特許権は、自然法則を利用した高度な技術的思想による新発明や新発見の権利で、実用新案権は、物品の形状・構造・組み合わせに関わる考察を保護する権利でいずれも知的財産権となります。

特許権は「工業所有権」の一部で、他の類似した「工業所有権」に「実用新案権」、「意匠権」、「商標権」があります。
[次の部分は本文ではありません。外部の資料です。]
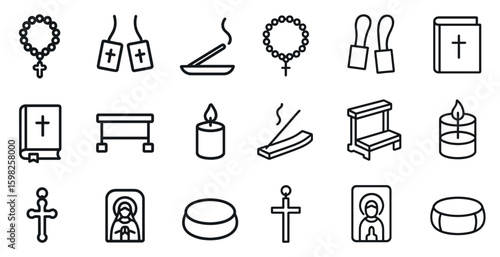 Religious symbols outline icons set – worship, faith, minimal line designs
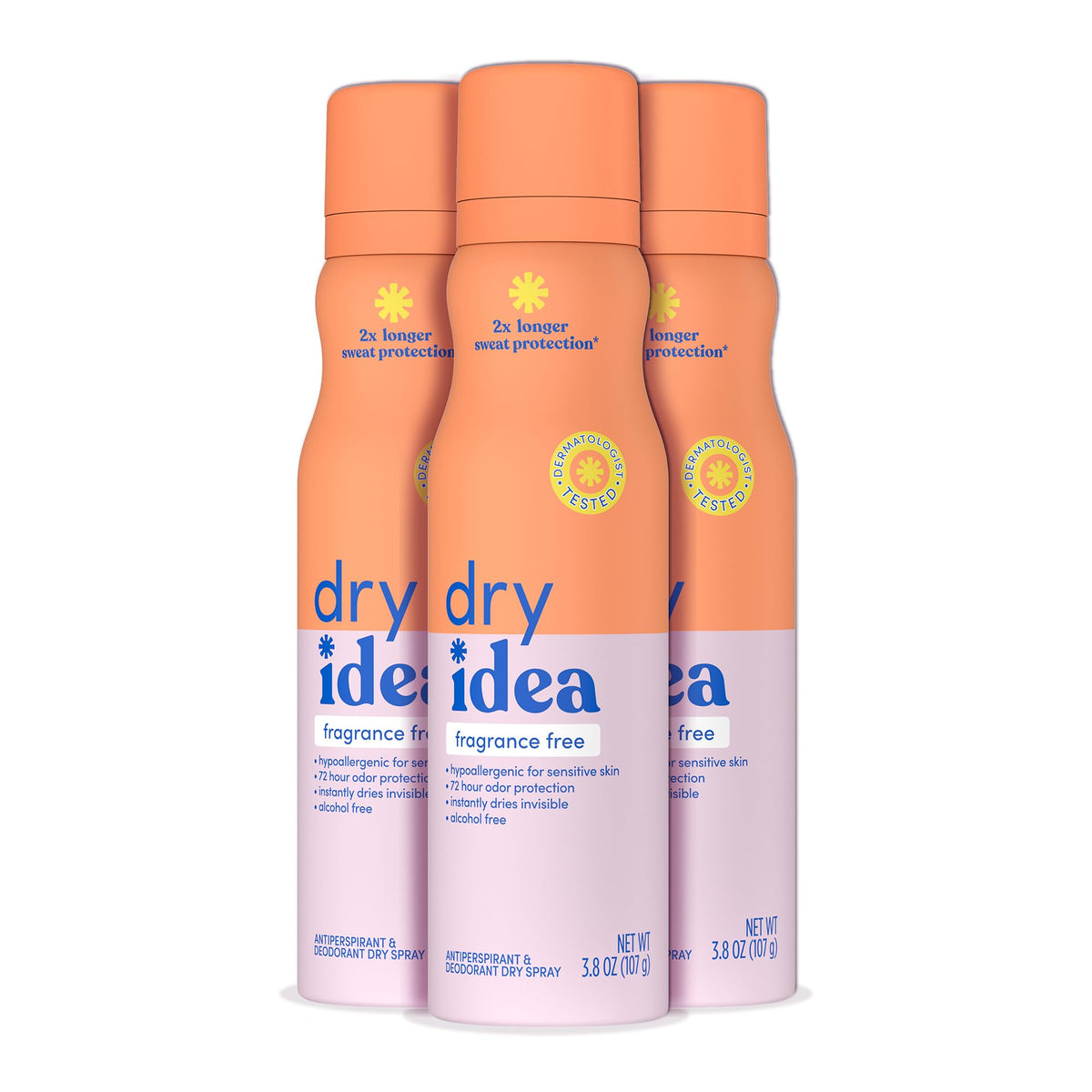 Dry Idea desodorante spray sin fragancia aplicado en piel para sensación fresca todo el día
  1. ・他社から特許権や実用新案新案権を取得した際の取得価額には、出願料や登録費用などの付随費用も含めて計上します。
  2. ・自社の研究開発で取得した特許権や実用新案権はこの科目ではなく『研究開発費』に計上します。研究開発費は、発生時にすべて費用として処理します。自社発明の場合は、出願料や登録費用などの付随費用が特許権の取得原価となりますが、付随費用を費用として処理することも可能です。

 

 

特許権の耐用年数

特許権の耐用年数は税法上で8年と定められており、実務上は8年で「定額法」により『減価償却費』が算出されます。ただし、特許権の法的な有効期間は15年となっています。
その他の工業所有権の耐用年数では「実用新案権」が5年「意匠権」が7年「商標権」が10年と、税法で定められています。なお、償却方法は『特許権』と同じく「定額法」です。
 

 

特許権の摘要(取引例)

特許権に該当する取引には以下のような摘要があります。

特許権-とっきょけん- 特許権購入-とっきょけんこうにゅう-
実用新案権-じつようしんあんけん- 実用新案権購入-じつようしんあんけんこうにゅう-
特許出願料-とっきょしゅつがんりょう- 特許登録費用-とっきょとうろくひよう-
実用新案登録費用-じつようしんあんとうろくひよう- 特許料-とっきょりょう-
買収による取得-ばいしゅうによるしゅとく- 合弁による取得-ごうべんによるしゅとく-
無形固定資産-むけいこていしさん- 有償譲り受けによる取得-ゆうしょうゆずりうけによるしゅとく-
研究開発費より振替-けんきゅうかいはつひよりふりかえ-

 

 

特許権の仕訳例

【取得時】他社から特許権2,000,000円を購入して、代金は小切手で支払った。なお、特許権の登録費用300,000円は現金で支払った

借方 金額 貸方 金額
特許権 2,300,000 当座預金 2,000,000
現金 300,000

取得にかかった付随費用も含めて『特許権』として処理します。
 

 

【売却時】特許権3,000,000円を他社に7,000,000円で売却し、代金は小切手で受け取った

借方 金額 貸方 金額
当座預金 7,000,000 特許権 3,000,000
固定資産売却益 4,000,000

特許権や実用新案権を売却した際に出た差額は、益金ならば『固定資産売却益』、損金ならば『固定資産売却損』として処理します。
 

 

【特許権の償却】決算につき、特許権4,000,000円を8年で定額法により償却した

借方 金額 貸方 金額
特許権償却 500,000 特許権 500,000

『特許権』の耐用年数は8年のため、「定額法」により減価償却します。
 

【実用新案権の償却】決算につき、実用新案権4,000,000円を5年で定額法により償却した

借方 金額 貸方 金額
実用新案権償却 800,000 実用新案権 800,000

「実用新案権」の耐用年数は5年となっており、『特許権』と同じく「定額法」で減価償却します。